この「不死の宴 第一部」シリーズ、書き上げたのは、さらにそれより前の四年前であった。
一年間のブランクがあるのは、その間、さる公募に送ったりしてたからだ。キンドルストアから個人で出しているから、当然落選している。
作品的には自信があったので、電子書籍でリリースした。ただ、専業にできる当てがないので、その後二年間は派遣社員や夜勤のバイトなどを続けていて執筆に向かうモードに入れなかったのである。
昨年、満を持してバイトを辞め、第二部執筆に入った。
一九五六年のアメリカ合衆国が舞台なので、作者自身が作品に没入するのに少々時間がかかった。

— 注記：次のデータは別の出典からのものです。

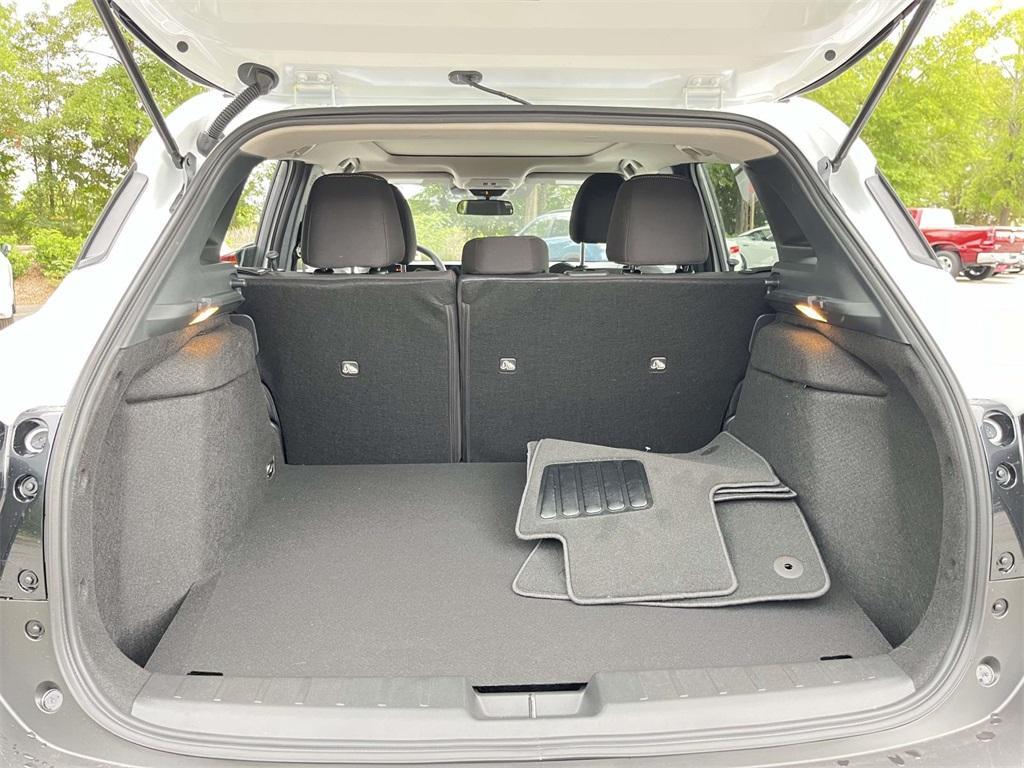 new 2025 Nissan Kicks car, priced at $26,662
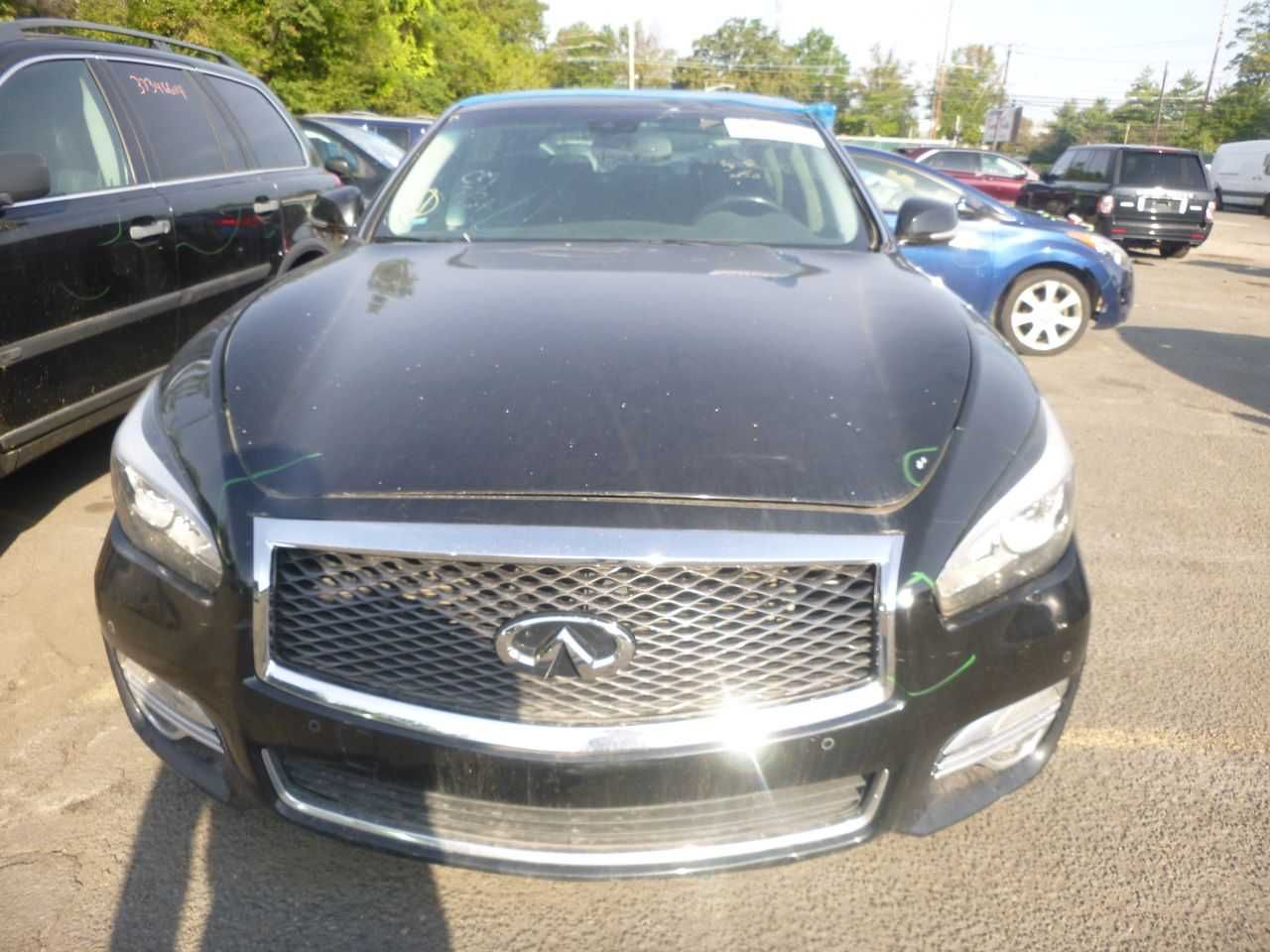 Інфініті Q70 / Infiniti Q70 США шрот б/у запчастини в наявності розбор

私は一九五八年生まれでまだ生まれていない時代だし渡米経験もない。空想で描いたアメリカは、ネット投降作品の「ナーロッパ(なんちゃって中世ヨーロッパ)」といい勝負かもしれない。言わば「ナメリカ(なんちゃってアメリカ)」だ。
書き始めるのが遅れたおかげで、大統領選挙やBLMなどの現代の問題を視野に入れることができた。これらの源流が五十年代のアメリカにあるからだ。
一九五六年はアイゼンハワー大統領が再選される年であり、赤狩りが沈静化し、公民権運動が激化する直前である。アメリカの民主党と共和党が、その支持層が正反対に入れ替わった時代でもある。
このシリーズにおける、永遠に死なないヴァンパイア達とは、遺族の心の中で若いまま永遠に生き続ける靖国の英霊のような存在かも知れない。
作品を書きながら、彼らの目線で、現代史の中を生きているような気がしている。
第三部沖縄編は、本土復帰前後の一九七二年の沖縄を舞台にして、第一部の登場人物、西城や東郷、そして守矢竜之介、如月一心・みどりたちの物語を綴る。
さらに第四部世紀末編では一九九〇年代の日本を舞台に、カルト宗教の跳梁跋扈したあの時代を、彼らがどう見つめたのかを描いていく。当然、アクション満載のエンタメでもある。ご期待ください。
第三部は、来年の夏。第四部は再来年の夏を予定しています。
第二部を書いていく上で、プロの商業作家やキンドルで活躍するインディペンデント作家の方々の面白いという声や、励ましの声が大きな力になりました。あらためて感謝いたします。ありがとう。そして、お待たせしました!